Eurocell hit by costs despite strong sales
18th December 2018
Eurocell PLC says it expects annual earnings to be below 2017 due to increases in manufacturing and distribution costs, despite strong sales growth throughout all areas of its business. Revenue for the 11 months to November 30 was up 11% year-on-year, excluding acquisitions, it announced in its report this week.
Its Profiles division was boosted by a good performance from new build and trade fabricators, as well as new account wins, while in its Building Plastics division of trade outlets, branches opened in the last two years continued to mature.
The group reports that manufacturing efficiency has been improved through: “An increase of 25% in new co-extrusion capacity, recruitment of additional trained labour resource in the foiling plant and investment in new tooling for key products, with delivery due in Q2 2019.”

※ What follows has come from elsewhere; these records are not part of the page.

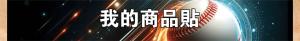 標籤貼方形B20165 (高2.0,寬16.5)cm - 線上貼紙印刷範本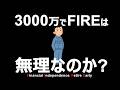 【本音】3000万FIREは本当に無理なのか?【サイドFIRE・バリスタFIRE・リーンFIRE】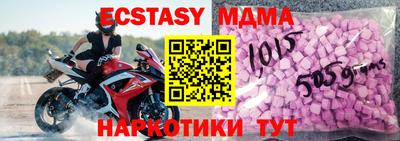индика Ливны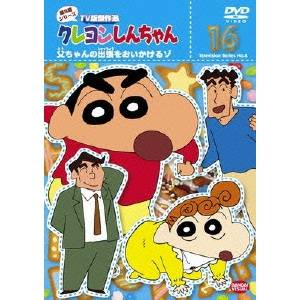 クレヨンしんちゃん Tv版傑作選 第8期シリーズ 16 父ちゃんの出張をおいかけるゾ Dvd の通販はau Wowma ワウマ ハピネット オンライン 商品ロットナンバー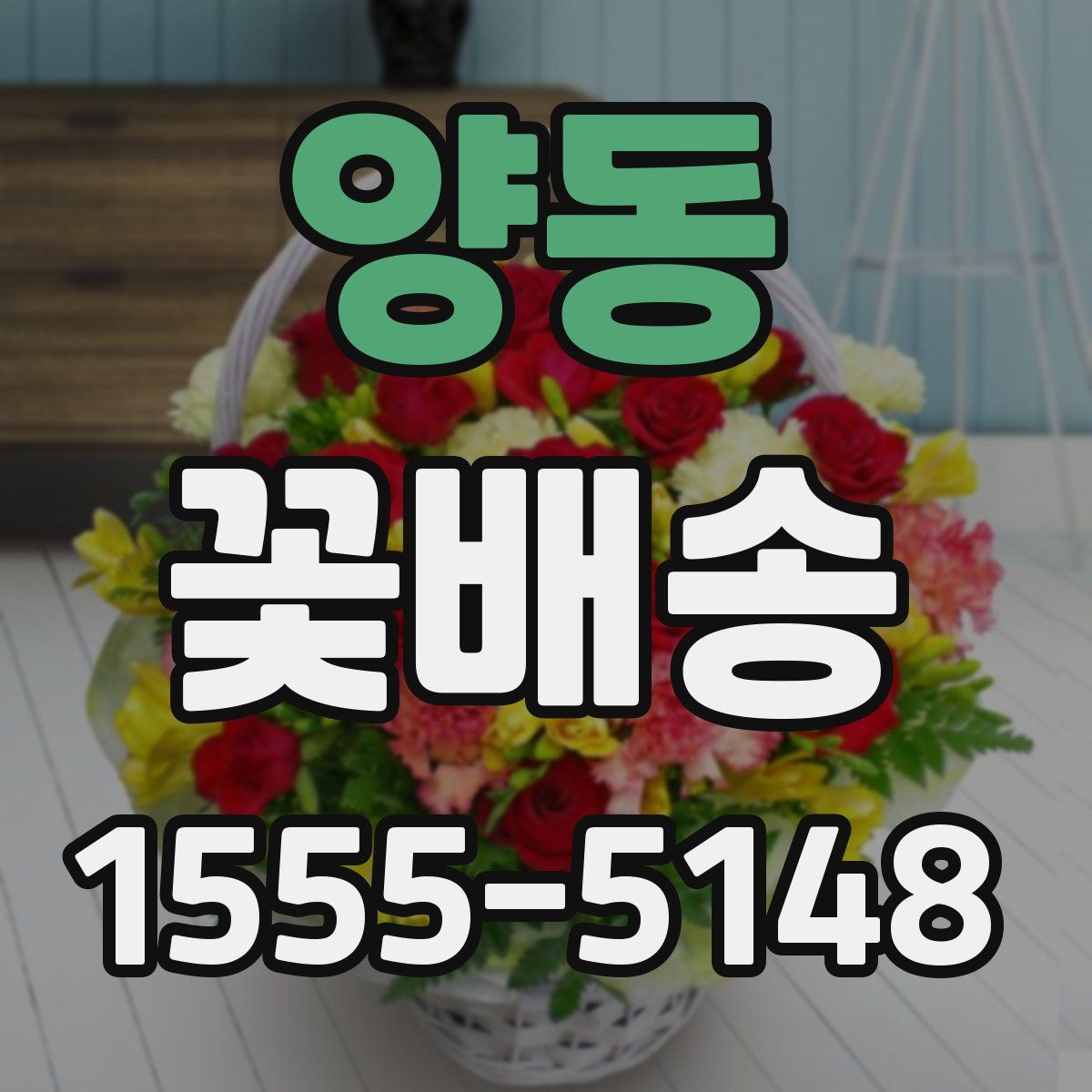 양동 꽃배송
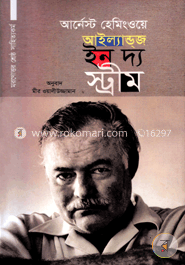 আইল্যান্ডস ইন দ্য স্ট্রীম (পুরস্কারপ্রাপ্ত লেখকদের বই) image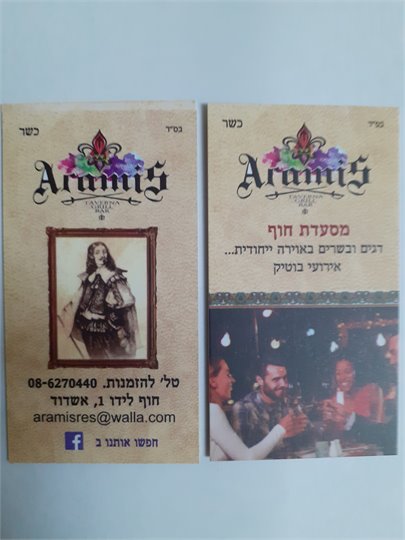 Aramis (Ashdod, carte de visite)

It continues that ‘a significant mix change’ has continued to impact the efficiency of manufacturing operations over the second half with the result that the increased manufacturing and distribution costs noted in the first half have continued into the final quarter.
The group also says it has introduced a programme of stockpiling to protect against the possibility of raw material supply interruption due to Brexit.
Eurocell now anticipates adjusted earnings before interest, taxes, depreciation, and amortization to be lower than in the prior year. In 2017, Eurocell reported adjusted Ebitda of GBP31.7 million.
The company will report its annual results on March 15.